STEPANAKERT—The Russian tycoon, German Sterligov, who moved to the Nagorno-Karabakh Republic this week, announced on Wednesday that he will hold a press conference in Shushi on Monday to discuss factors relating to his relocation to the Nagorno-Karabakh Republic.
Meanwhile, Russian television reported that Sterligov’s wife, Aloyona, will pursuing her passion for fashion design in Artsakh and has already begun putting together a line.
“My wife has already begun sewing and very soon she will open a fashion center in Karabakh called the Alyona Sterligova center,” German told Ren-tv.
The 48-year-old Russian businessman has not elaborated his reasons for moving to Artsakh, saying that he will answer all questions during a press conference in Shushi.
He posted a picture on Tuesday on his personal page on the Russian social media site, V Kontakte of him riding a donkey in a village, with a tagline “I just came down from the mountains, surfed on the Internet and got stunned,” referring to Russian media reports that claimed that he had fled Russia to avoid prosecution for his alleged involvement in criminal activity.
“I am scheduling a news conference for next Monday,” he said on V Kontak. “The venue — the blooming garden of Nagorno-Karabakh, the ancient Armenian town of Shushi. Dear journalists, arrange assignments [to Karabakh] and you’ll learn the truth.”
Some Russian media outlets reported that Sterligov fled Russia because incriminating testimony was given by two people who are serving time in Russia for “politically motivated killings.”
His lawyer, Artur Ayrapetov, who is Armenian, called those reports “slander,” adding that they provided Sterligov “additional incentive” to leave.
Azatutyun.am reported that Ayrapetov said on Monday that his client has moved to Karabakh because he has a “good rapport with many respected persons in Armenia.” “Besides, all those values which he has applied to his Sloboda in recent times have already been put into practice in Nagorno-Karabakh,” he told the “Moskovsky Komsomolets” daily.
According to Azatutyun.am, Sterligov rose to prominence in 1990 when he founded, together with several other Russian entrepreneurs, the Soviet Union’s first commodities exchange at the age of 24. It served as a launch pad for a financial empire with offices in London and New York which he built in the following years.

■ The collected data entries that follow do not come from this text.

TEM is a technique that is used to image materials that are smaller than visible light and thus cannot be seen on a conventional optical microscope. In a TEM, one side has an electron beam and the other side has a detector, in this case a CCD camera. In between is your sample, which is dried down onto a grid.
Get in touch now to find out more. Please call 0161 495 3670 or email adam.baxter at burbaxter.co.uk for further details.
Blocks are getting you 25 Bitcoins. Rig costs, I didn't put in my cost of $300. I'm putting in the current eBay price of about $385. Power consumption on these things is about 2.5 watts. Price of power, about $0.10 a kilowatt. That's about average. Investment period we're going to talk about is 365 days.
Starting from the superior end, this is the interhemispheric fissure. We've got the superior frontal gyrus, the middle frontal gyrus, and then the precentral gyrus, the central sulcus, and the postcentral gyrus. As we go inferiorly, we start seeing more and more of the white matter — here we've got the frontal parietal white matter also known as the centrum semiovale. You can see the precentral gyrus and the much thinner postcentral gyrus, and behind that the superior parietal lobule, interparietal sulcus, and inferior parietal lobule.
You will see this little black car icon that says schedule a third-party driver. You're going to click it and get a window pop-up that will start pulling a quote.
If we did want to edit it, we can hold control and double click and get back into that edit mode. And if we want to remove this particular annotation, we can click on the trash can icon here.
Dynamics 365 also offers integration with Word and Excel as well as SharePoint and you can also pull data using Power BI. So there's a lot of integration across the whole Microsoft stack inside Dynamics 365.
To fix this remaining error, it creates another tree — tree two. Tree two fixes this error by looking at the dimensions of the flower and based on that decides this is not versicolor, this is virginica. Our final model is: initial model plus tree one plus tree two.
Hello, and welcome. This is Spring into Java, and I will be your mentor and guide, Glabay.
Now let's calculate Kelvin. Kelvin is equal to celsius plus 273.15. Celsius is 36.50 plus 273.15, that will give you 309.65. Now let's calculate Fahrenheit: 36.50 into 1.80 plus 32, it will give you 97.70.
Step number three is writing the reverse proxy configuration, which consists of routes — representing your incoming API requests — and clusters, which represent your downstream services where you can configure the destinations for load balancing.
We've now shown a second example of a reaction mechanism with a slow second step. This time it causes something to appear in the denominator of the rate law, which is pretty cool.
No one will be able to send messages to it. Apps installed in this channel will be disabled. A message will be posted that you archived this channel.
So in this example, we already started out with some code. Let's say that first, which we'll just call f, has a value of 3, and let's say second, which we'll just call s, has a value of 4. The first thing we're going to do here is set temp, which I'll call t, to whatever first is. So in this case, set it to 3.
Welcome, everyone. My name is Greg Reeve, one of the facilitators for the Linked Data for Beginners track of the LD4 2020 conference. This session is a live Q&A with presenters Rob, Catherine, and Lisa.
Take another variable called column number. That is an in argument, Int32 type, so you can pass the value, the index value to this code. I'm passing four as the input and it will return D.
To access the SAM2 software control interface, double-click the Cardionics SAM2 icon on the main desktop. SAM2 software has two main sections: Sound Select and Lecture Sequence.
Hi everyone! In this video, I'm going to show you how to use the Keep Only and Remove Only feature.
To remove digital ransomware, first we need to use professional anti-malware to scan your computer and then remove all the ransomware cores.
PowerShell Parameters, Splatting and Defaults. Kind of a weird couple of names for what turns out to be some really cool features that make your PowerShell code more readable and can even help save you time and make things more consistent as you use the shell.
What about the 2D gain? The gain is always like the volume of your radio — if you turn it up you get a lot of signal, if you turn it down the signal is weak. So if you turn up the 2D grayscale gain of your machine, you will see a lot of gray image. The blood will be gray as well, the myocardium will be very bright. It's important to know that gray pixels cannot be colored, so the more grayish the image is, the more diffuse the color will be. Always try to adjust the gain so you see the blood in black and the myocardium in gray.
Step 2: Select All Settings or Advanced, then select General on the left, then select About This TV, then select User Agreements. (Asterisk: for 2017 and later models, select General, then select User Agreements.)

Sterligov subsequently became known as a deeply religious man with hardline nationalist views and extreme hostility to science and technology, which he accuses of destroying humankind. He tried unsuccessfully to run for the Russian presidency in 2004 after failed bids to become mayor of Moscow and governor of the vast Krasnoyarsk region in Siberia.
In 2004, Sterligov abandoned much of his wealth to move deep into the Russian countryside and live a traditional peasant lifestyle there with his wife and five children. As he explained to the BBC afterwards, he wanted to escape “the mercenary atmosphere, the envy and the hustle” of Moscow.
Four years later, Sterligov founded in central Russia the Sloboda rural commune that offered free housing, healthcare and other public services to young and married Russians willing to work there as farmers or craftsmen. Later in 2008, he resumed his entrepreneurial activities in Moscow, setting up a trading and financial services company.
The Russian media reported over the weekend that the eccentric tycoon wearing a big bushy beard is again selling off his assets and has left Russia for Karabakh together with his family.
“He was forced to leave the country by serious circumstances,” the Interfax news agency quoted an aide to Sterligov, Polina Sirota, as saying. “It’s not bandits, it’s a higher level,” she added without elaborating.
On Tuesday, the Azerbaijani Foreign Ministry placed him on the now infamous black list of people who visit the Nagorno-Karabakh Republic.